Since then, he has helped shepherd the party through a June election, when Labour outperformed expectations and weakened Mrs. May, who lost her parliamentary majority and with it her ability to impose her will on a divided cabinet at war over Europe.
Then, during the summer, Mr. Starmer engineered the decisive softening of Labour’s Brexit policy, calling for a transition for “as short as possible, but as long as is necessary” after Britain quits the bloc in March 2019, during which Britain remains aligned with the bloc’s single market, which lays down common rules, and customs union, which smooths tariff-free trade.
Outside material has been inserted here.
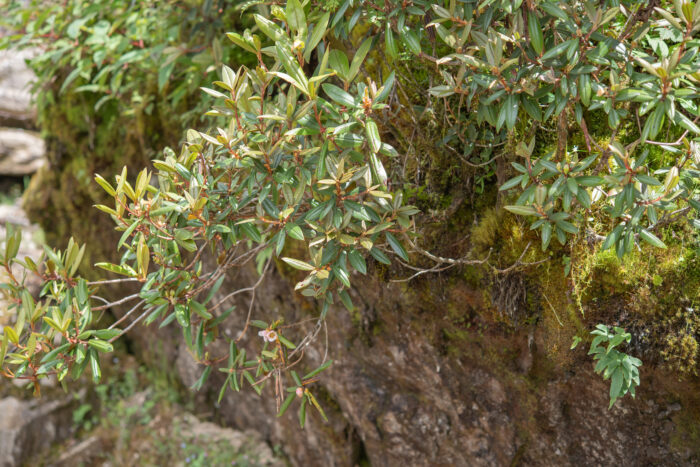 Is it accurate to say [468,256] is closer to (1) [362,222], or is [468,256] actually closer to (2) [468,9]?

For the longer term, he is open to membership in a customs union, though he is fuzzier about the single market. He argues that full membership would be impossible under current rules, but suggests that Labour could get a much closer alignment than the Conservatives because it believes in regulating labor and other standards and would not aim to undercut the European Union economically.
But some have speculated that he is playing a long game, expecting the transition period to be extended (as trade negotiations drag on) long enough for the public to turn against Brexit, particularly if the economy should go into a prolonged slump. Were that to happen, remaining part of the single market, at the very minimum, might seem attractive.
But pro-Europe critics predict that once Britain leaves the bloc, it would be too late to reverse Brexit.
“I think he is trying to be a bridge between essentially irreconcilable positions,” said Tom Baldwin, who was senior adviser to the previous Labour leader, Ed Miliband.
“Labour’s position is ducking, diving and triangulation,” Mr. Baldwin said, adding that Mr. Starmer’s idea for transition amounted only to “a cliff edge with a longer diving board than the Tory one.”
Mr. Starmer denies harboring a strategy for reversing Brexit, saying only that he is content to go on reconciling the Leavers and the Remainers in his party.
“Everybody has been urging me to jump one way or the other,” he said, “and I have refused, at every twist and turn.”